Я не в первый раз в заточении, поэтому надеюсь, что оно лишь для виду и новому императору Гальбе скоро понадобятся мои уникальные способности; он втайне пошлет за мной, и я снова буду свободно прогуливаться по залам императорского дворца. Там я чувствую себя как дома. Может ли быть иначе? Я много лет оказываю властям предержащим своевременные услуги.
Я – отравительница. Почему не сказать это прямо? И не какая-нибудь отравительница из старых времен, а настоящий знаток и первая в своем деле. Великое множество людей хотят стать второй Локустой, то есть мной, в будущем. Поэтому-то я и основала академию – чтобы передать свои знания и подготовить следующее поколение отравителей, ведь Рим всегда будет в них нуждаться.
Я могла бы посокрушаться и рассказать, как мне жаль, что Рим опустился до такого, но с моей стороны это было бы лицемерием. К тому же я не уверена, что смерть через отравление – не лучшая из смертей. Подумайте о способах умерщвления, которые предлагает Рим. Вас могут разорвать на арене дикие звери, могут удушить в тюрьме Туллианум[1], ну и самое пресное – могут приказать вскрыть себе вены, и вы истечете кровью, как жертвенное животное. Вот еще! А от хорошего яда я не откажусь. Разве Клеопатра на своем ложе не приняла с благодарностью яд змеи, который сохранил ее красоту нетронутой?
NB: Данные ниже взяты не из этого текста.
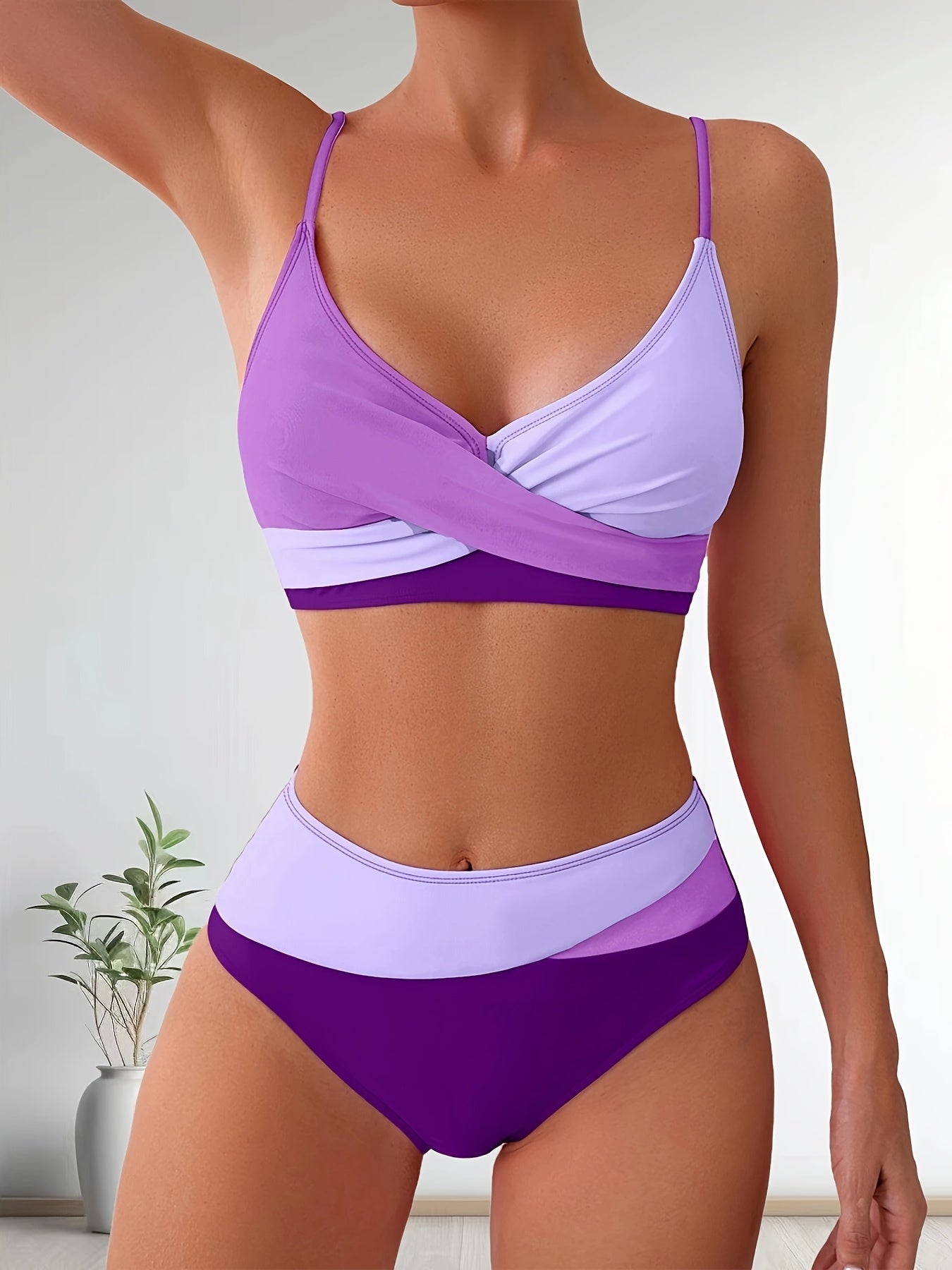 2025 New Sexy Split Color Bikini Two-Piece Swimsuit for Women Beachwear Purple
Покойного императора Нерона я впервые увидела, когда он был еще совсем ребенком и носил имя Луций Домиций Агенобарб, данное ему при рождении. Он был в низшей точке своей жизни – брошенное дитя во власти его дяди Калигулы. (Это уже потом он не оставлял меня без дела!) Его отец умер, его мать Агриппина была в изгнании, а дядя часто забавлялся с ним, как со своей игрушкой.
Помнится, он был славным ребенком – впрочем, он всю жизнь оставался славным и умел расположить к себе, – но робким. Его многое пугало, но больше всего – громкие звуки и те моменты, когда дядя неожиданно призывал его к себе. Была у Калигулы такая привычка – посылать за людьми посреди ночи. Однажды он вынудил меня посетить во дворце ночное театрализованное представление, где сам выступал в роли Юпитера. Иногда, как в тот раз, все проходило безобидно. А иногда заканчивалось смертью какого-нибудь беззащитного призванного бедняги. В общем, Нерон (давайте я буду так его называть, как во избежание путаницы называю Калигулу Калигулой, а не Гаем Цезарем Германиком) очень рано осознал, насколько опасен – смертельно опасен – его дядя.
О, какие воспоминания!
Здесь, в моей камере, я ловлю себя на том, что постоянно к ним возвращаюсь. Так легче скоротать время в ожидании того дня, когда Гальба пришлет за мной, чтобы поручить работу. Я знаю, он призовет меня!